At school the two approaches that irritated me the most, it seems, were flawed after all. One was the constant focus on ones weakness (attending PTAs was surely dreadful) and the other was trying to make you a more ’rounded’ person (Seems daft to me that you should give up on what makes you unique).
So I always tried to avoid becoming a square peg that had to fit a round hole. I instinctively felt that it made sense to find your strengths and invest in them. With some luck and grace, it would help you lead a fulfilling life at work and home.
Gallup too thought that this was a great idea and they backed it up with great research to launch the best-seller book and ‘self-assessment’ online test in 2001 when Marcus Buckingham and Donald O Clifton came up with, ‘Now, Discover Your Strengths’

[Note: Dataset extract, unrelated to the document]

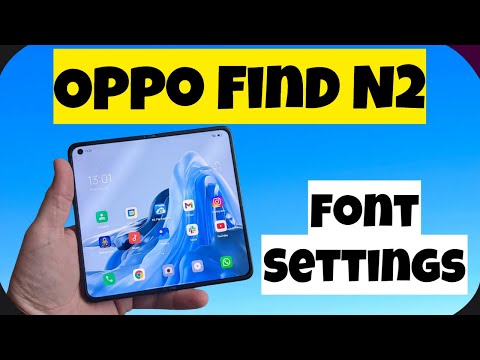 Oppo Find N2 Font Settings || How to Change Font Size and Style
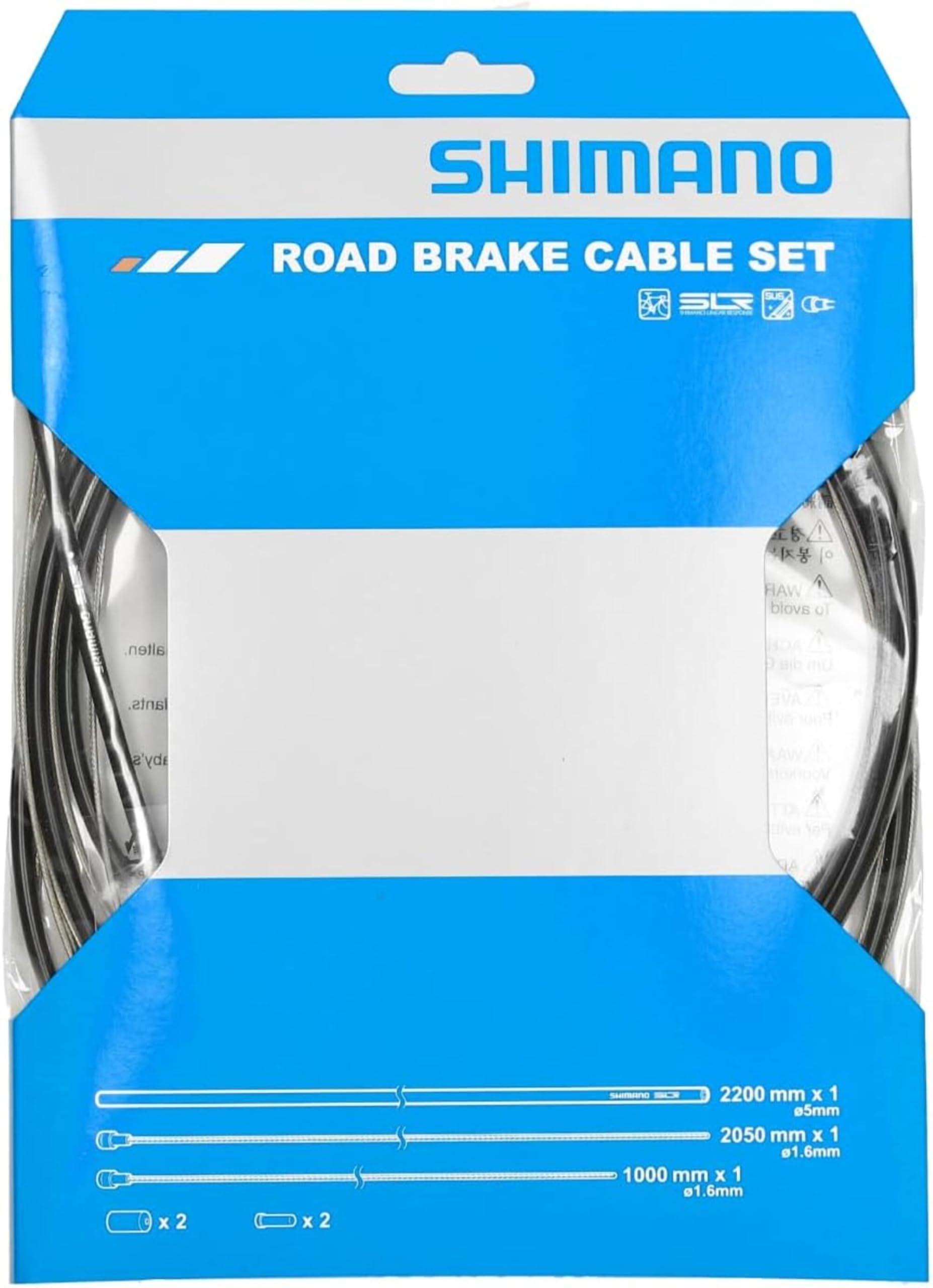 

SHIMANO Запчастини Комплект гальмівних тросів з нержавіючої сталі ROAD Black Y80098019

The basic premise of the book is that people and organization will benefit and will be more engaged & energetic so long as they try to leverage on their strengths. Weaknesses cannot be ignored and you need strategies to manage them, but they shouldn’t usurp the pride of place that is to be given to ones ‘Strengths’.
And they defined a set of 34 strengths of which your ‘Top 5’ matter the most. Backing the premise is tons of anecdotal story and more of solid stats. The theory and unique online self assessment tool is an outcome of studying over 1.7 million working professionals. The tool has gone through rigorous testing that has proved it in terms of reliability (the themes throwing up your results without significant impact of other factors like mood,fatigue etc) and repeat performance (the likelihood of you getting the same Top 5 if you were to attempt a re-test after say 6 months).
How unique does that make you in terms of sharing ‘Top 5’ themes with others? Statistically over thirty-three million (3.3 Crore) iterative combinations are possible and that makes it fairly unique.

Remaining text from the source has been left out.